Il
nuovo libro dello scrittore e poeta pugliese Zaccaria Gallo Pensel (Florestano
Edizioni, Bari 2022 pagine 324) prende in esame due terribili stragi: una
contemporanea, quella del fanatismo islamico con il massacro a Parigi nel
novembre del 2015 al “Bataclan”, e una del passato, quella contro Napoleone
Bonaparte alle Tuilieries, ad opera di altrettanti fanatici vandeani. Due
stragi indiscriminate: la prima deliberatamente contro civili; la seconda contro
un uomo di potere, un tiranno autoproclamatosi imperatore, ma che fatalmente
massacrerà civili innocenti, come avviene quasi sempre quando si compie un
attentato in pubblico con esplosivo. In questo secondo attentato c’è
l’aggravante che un carretto imbottito di dinamite polverizzerà oltre al
cavallo e a quanti si trovano nel raggio dell’esplosione, anche una bambina di
nome Pensel (nome che dà il titolo al romanzo) non ancora dodicenne. Gli
attentatori non si sono fatti scrupolo di coinvolgerla con l’inganno; uno di
loro, di nome Saint-Rejant, le affida le redini del cavallo e si metterà al
riparo prima dell’esplosione. L’intreccio
del romanzo il lettore può goderselo direttamente e scoprire come lo storico
parigino Jean Pierre Réjant, professore alla Sorbona, si ritroverà in casa, per
una beffarda fatalità del destino, una giovane di nome Pensel, proprio come la
bambina morta alle Tuileries, scampata miracolosamente alla mattanza del
“Bataclan”. Di come uno dei protagonisti dell’attentato di due secoli prima
altri non era che un suo antenato di nome Pierre Robinault de Saint-Réjant di
cui egli porta il nome.
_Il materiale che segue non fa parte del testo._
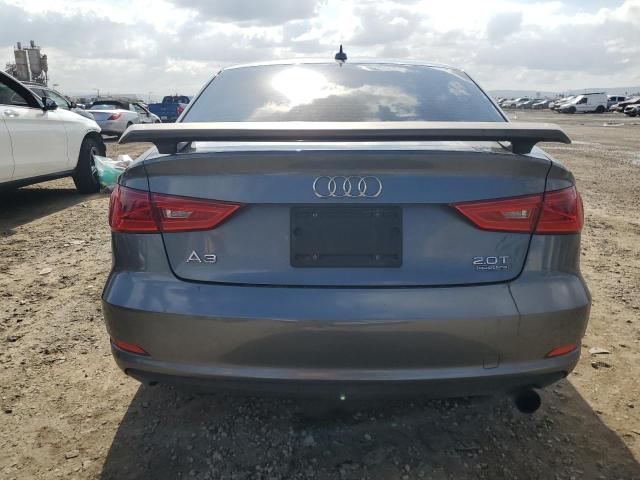 2015 AUDI A3 PREMIUM WAUEFGFF1F1135366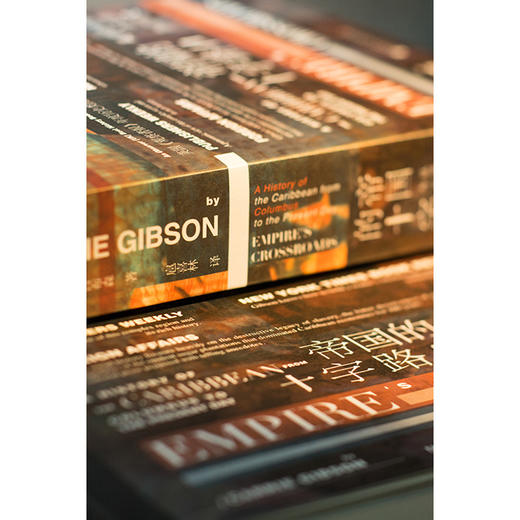 【索恩】帝国的十字路口：从哥伦布到今天的加勒比史 商品图6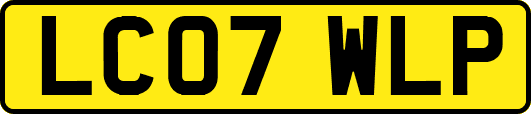 LC07WLP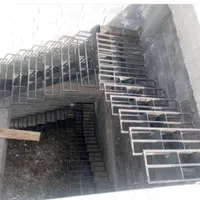 پله گرد و مدرن|خدمات پیشه و مهارت|رامسر, |دیوار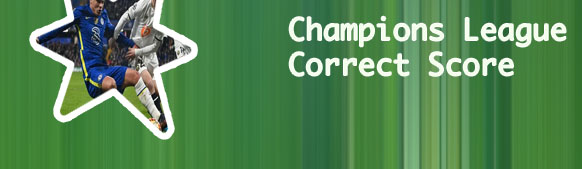 Tomorrow champions league match prediction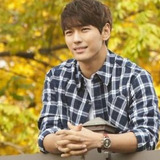 Ji Il Joo — Kang Won Hyung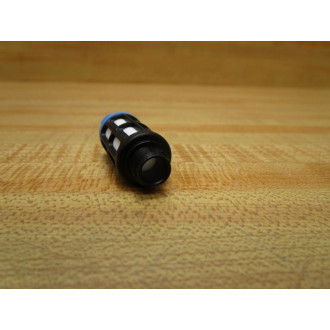 Festo 2307 U-18 Muffler Silencer 2307U18 (Pack of 4) - New No Box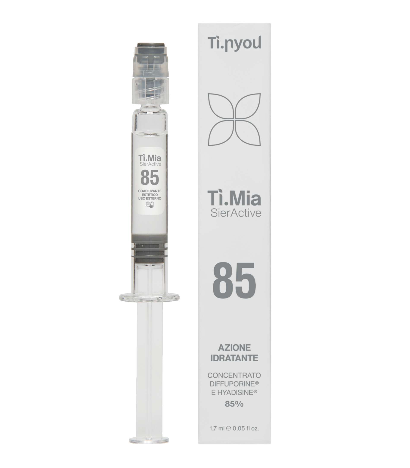 Ti.Mia SierActive 85 CON DIFFUPORINE® E HYADISINE® 85%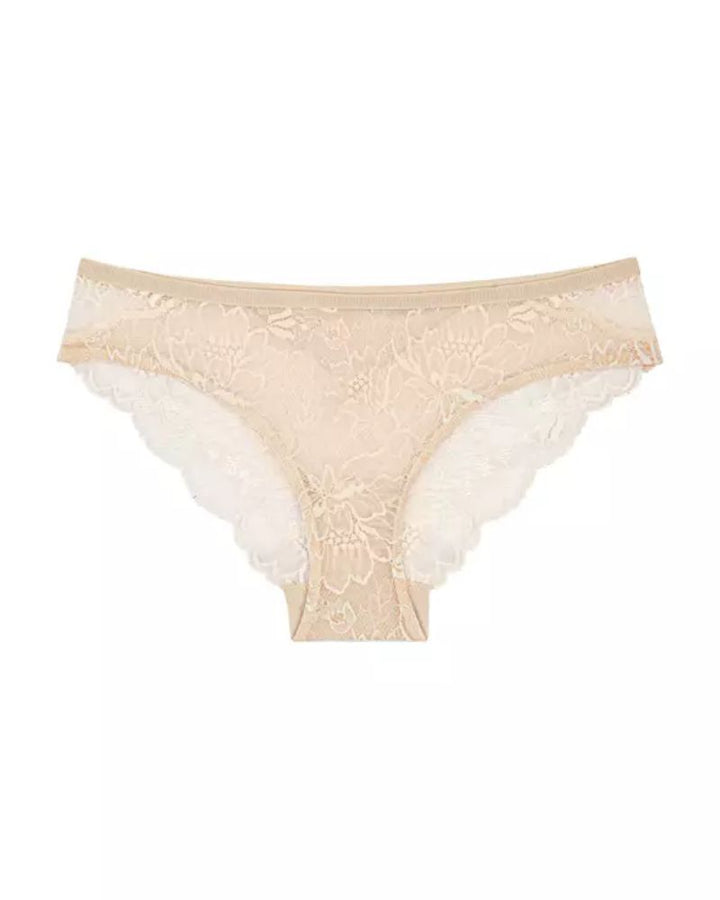 Triumph - Amourette Charm Brazillian Brief in Champagne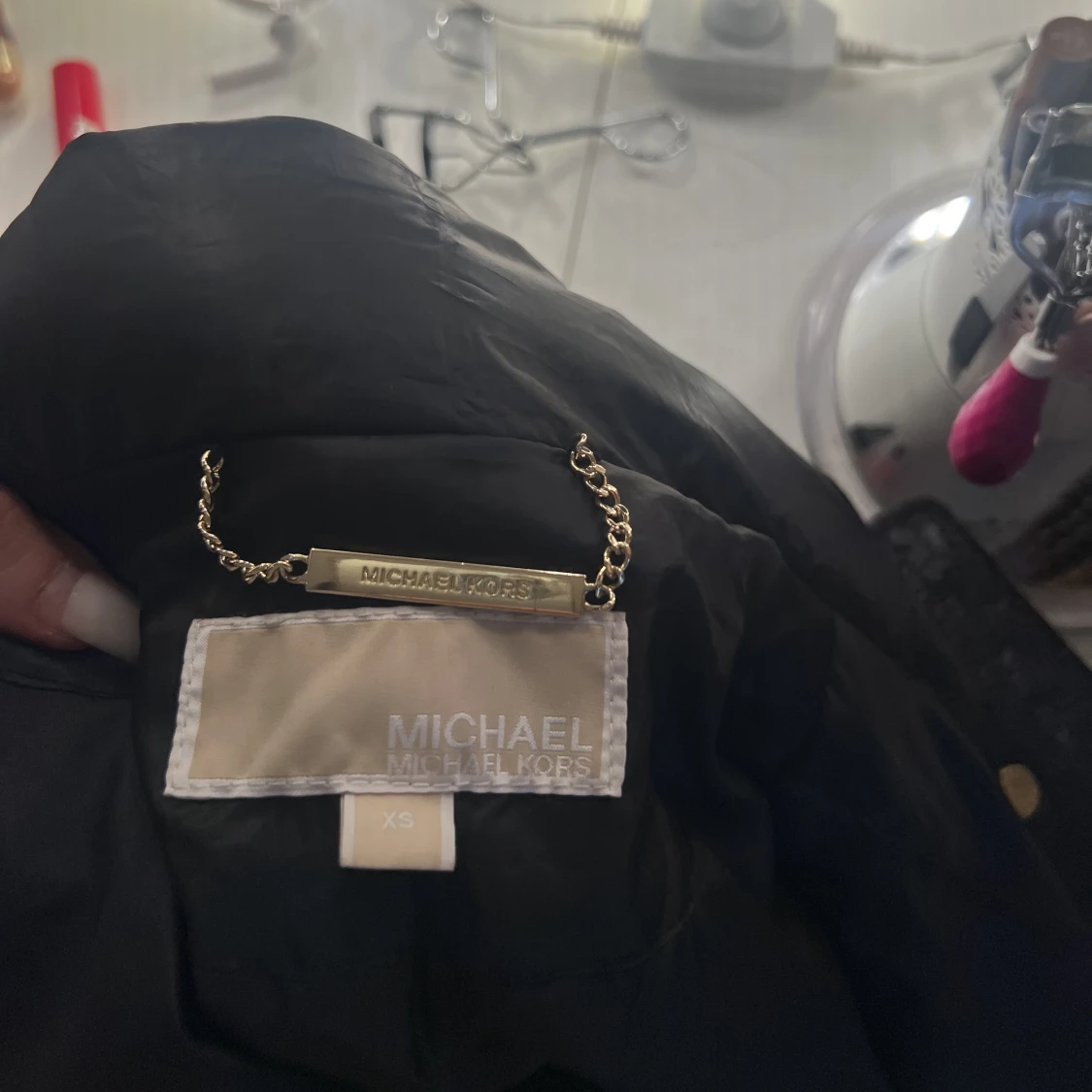 Michael kors dunjacka  - 90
Era stato costui a ideare e coordinare le fasi
dell’attentato contro Napoleone in cui perse la vita la bambina. Di come,
infine, queste due vicende finiranno per intrecciarsi e di come faranno
affiorare nel professore ricordi dolorosi che egli aveva rimosso. A
me invece preme qui riflettere sugli interrogativi che il romanzo pone, e cioè
fino a che punto è lecito spingersi, seppure per un fine considerato nobile come
il trionfo della propria causa o l’affermazione delle proprie idee. È lecito
tutto? Qualsiasi mezzo? Non distinguendo fra colpevoli e innocenti? Conta solo
l’obiettivo e i danni collaterali sono trascurabili e non hanno importanza? Non
restano affatto sottotraccia queste domande, sono il nerbo morale, prima che
politico e filosofico del libro. Si sa, ogni verità è parziale, ogni verità e
di parte, dunque esse sono tante quante sono le visioni e le concezioni ideali
dei gruppi e degli individui. Per Napoleone la verità è la sua Repubblica
imperiale da consolidare, con il pugno di ferro se occorre, e la soppressione
dei suoi nemici fa parte di questa necessità. Per i vandeani legittimisti la
verità è la morte di Napoleone considerato un tiranno usurpatore e la rimessa
sul trono del loro legittimo Re. Il tutto senza esclusione di colpi. Come gli
stragisti del “Bataclan”. Camus, rovesciando il punto di vista degli eredi di
Machiavelli, ha scritto che i fini non giustificano tutti i mezzi. Prima di lui
lo aveva ribadito il rivoluzionario anarchico campano Errico Malatesta. Chi
ammazza in modo indiscriminato non distinguendo fra colpevoli e innocenti degrada
la sua causa in crimine; la abbassa a pura azione criminale. Calpesta il senso
di umanità e se ne spoglia, riducendosi ad un freddo assassino.
Lo
scrittore fa intravedere una uscita dal male verso la fine del romanzo. In
particolare nel capitolo tredicesimo quando ci porta in viaggio, a seguito di
Manon, la sorella della sfortunata Pensel, fino a Charleston. Ha attraversato
l’Oceano con una pistola nella valigia per andare a regolare il conto con padre
Joseph, al secolo Joseph Picot de Limoléan. Era stato lui a scegliere la bambina per mantenere le redini del cavallo, conscio di condannarla a morte e farne una vittima sacrificale. Quando Manon se lo troverà di
fronte vecchio e con il saio del monaco nel convento dove aveva trovato riparo,
decide di non premere il grilletto. Oramai lo spavaldo terrorista è un rudere
ossessionato dal fantasma della bambina le cui sembianze gli appaiono di
continuo davanti agli occhi. Si può uccidere un uomo a sangue freddo anche se
l’odio è rimasto vivo in noi? Questo deve aver pensato Manon in quegli istanti,
e decide di deporre la pistola. Forse la rinuncia ad altro male è la sola via
d’uscita che rimane agli uomini, per rimanere tali.